▶ _Data for analysis_
****************
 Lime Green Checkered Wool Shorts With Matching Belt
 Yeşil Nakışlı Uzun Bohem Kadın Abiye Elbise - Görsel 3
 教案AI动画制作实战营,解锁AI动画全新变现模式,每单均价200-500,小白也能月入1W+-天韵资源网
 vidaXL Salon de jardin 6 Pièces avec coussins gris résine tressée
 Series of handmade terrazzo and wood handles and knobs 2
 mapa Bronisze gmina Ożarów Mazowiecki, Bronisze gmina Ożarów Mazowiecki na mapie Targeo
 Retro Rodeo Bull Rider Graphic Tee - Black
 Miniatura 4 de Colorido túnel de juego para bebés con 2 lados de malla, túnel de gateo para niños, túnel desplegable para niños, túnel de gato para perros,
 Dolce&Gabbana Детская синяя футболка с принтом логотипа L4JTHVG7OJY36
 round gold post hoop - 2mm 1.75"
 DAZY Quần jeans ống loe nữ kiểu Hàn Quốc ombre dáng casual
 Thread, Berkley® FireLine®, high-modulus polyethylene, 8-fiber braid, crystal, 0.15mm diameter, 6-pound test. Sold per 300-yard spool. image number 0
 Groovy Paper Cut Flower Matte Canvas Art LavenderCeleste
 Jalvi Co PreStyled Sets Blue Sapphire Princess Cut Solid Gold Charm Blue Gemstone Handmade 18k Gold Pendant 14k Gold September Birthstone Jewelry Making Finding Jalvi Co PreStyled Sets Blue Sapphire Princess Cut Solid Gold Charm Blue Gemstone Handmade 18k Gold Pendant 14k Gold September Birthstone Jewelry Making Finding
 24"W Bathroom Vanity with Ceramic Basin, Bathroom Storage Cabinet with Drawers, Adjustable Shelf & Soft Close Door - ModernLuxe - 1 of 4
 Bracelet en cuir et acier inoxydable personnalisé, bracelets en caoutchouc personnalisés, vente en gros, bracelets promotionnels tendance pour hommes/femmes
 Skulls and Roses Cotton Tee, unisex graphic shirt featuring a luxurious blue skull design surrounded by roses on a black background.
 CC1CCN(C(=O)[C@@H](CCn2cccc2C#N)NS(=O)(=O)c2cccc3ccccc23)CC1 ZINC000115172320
****************
▶ _What you are asked to do_
Produce the material again exactly as it is shown above.

▶ _Exercise output_
 Lime Green Checkered Wool Shorts With Matching Belt
 Yeşil Nakışlı Uzun Bohem Kadın Abiye Elbise - Görsel 3
 教案AI动画制作实战营,解锁AI动画全新变现模式,每单均价200-500,小白也能月入1W+-天韵资源网
 vidaXL Salon de jardin 6 Pièces avec coussins gris résine tressée
 Series of handmade terrazzo and wood handles and knobs 2
 mapa Bronisze gmina Ożarów Mazowiecki, Bronisze gmina Ożarów Mazowiecki na mapie Targeo
 Retro Rodeo Bull Rider Graphic Tee - Black
 Miniatura 4 de Colorido túnel de juego para bebés con 2 lados de malla, túnel de gateo para niños, túnel desplegable para niños, túnel de gato para perros,
 Dolce&Gabbana Детская синяя футболка с принтом логотипа L4JTHVG7OJY36
 round gold post hoop - 2mm 1.75"
 DAZY Quần jeans ống loe nữ kiểu Hàn Quốc ombre dáng casual
 Thread, Berkley® FireLine®, high-modulus polyethylene, 8-fiber braid, crystal, 0.15mm diameter, 6-pound test. Sold per 300-yard spool. image number 0
 Groovy Paper Cut Flower Matte Canvas Art LavenderCeleste
 Jalvi Co PreStyled Sets Blue Sapphire Princess Cut Solid Gold Charm Blue Gemstone Handmade 18k Gold Pendant 14k Gold September Birthstone Jewelry Making Finding Jalvi Co PreStyled Sets Blue Sapphire Princess Cut Solid Gold Charm Blue Gemstone Handmade 18k Gold Pendant 14k Gold September Birthstone Jewelry Making Finding
 24"W Bathroom Vanity with Ceramic Basin, Bathroom Storage Cabinet with Drawers, Adjustable Shelf & Soft Close Door - ModernLuxe - 1 of 4
 Bracelet en cuir et acier inoxydable personnalisé, bracelets en caoutchouc personnalisés, vente en gros, bracelets promotionnels tendance pour hommes/femmes
 Skulls and Roses Cotton Tee, unisex graphic shirt featuring a luxurious blue skull design surrounded by roses on a black background.
 CC1CCN(C(=O)[C@@H](CCn2cccc2C#N)NS(=O)(=O)c2cccc3ccccc23)CC1 ZINC000115172320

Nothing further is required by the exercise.